From the moment that Mrs Thom signed the agreement, Mr Thom had

a  defective  asset,  which  would  have  cost  him  (in  legal  fees)  to remedy.  In contrast, the appellants suffered no loss until the value of the property fell.

b)It was held in Thom that the pre-nuptial agreement he received was a defective  asset.             In  contrast,  the  LIM  report  was  not  “an  asset” received by the  appellants; the asset the appellants received  was the house. Until  the  market  discovered  the  defects  in  the  house,  no economic loss would occur.

c)        Mr Thom could not sell the defective pre-nuptial agreement to escape loss. In  contrast,  until  the  market  discovered  the  defects  and  the property’s  value  fell,  the  appellants  could  sell  the  property,  thereby escaping any loss.

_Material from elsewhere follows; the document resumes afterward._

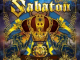 sabaton-carolus-rex-swedish-version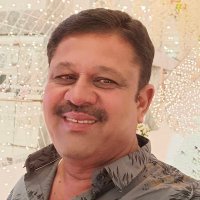 POLLACHI AYYAPPAN TOTAL LOSS CAR'S (@ayyapphan) 's Twitter Profile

d)       The damages claimed by the appellants reflect the diminution in value

of the house, not any flaws in the  LIM report itself. The appellants suffered loss not in receiving a defective asset from the Council, but

in relying on the  LIM report to buy a house that (assuming the loss was not already reasonably discoverable) lost its value  later. Mr Thom had a defective asset (the pre-nuptial agreement) from the start.

e)        The pre-nuptial agreement was defective on its face.   Whether it was void or not was a legal question.   In contrast, the accuracy of a LIM report  is  a  factual  question.  It  may  be  inaccurate,  incomplete,  or erroneous, but it could not be legally void.

f)        More  fundamentally,  the  present  case  may  be  distinguished  from Thom on the basis that, in that case, the loss was held to be reasonably discoverable immediately.[21]   Here, there is dispute as to when the loss was discoverable.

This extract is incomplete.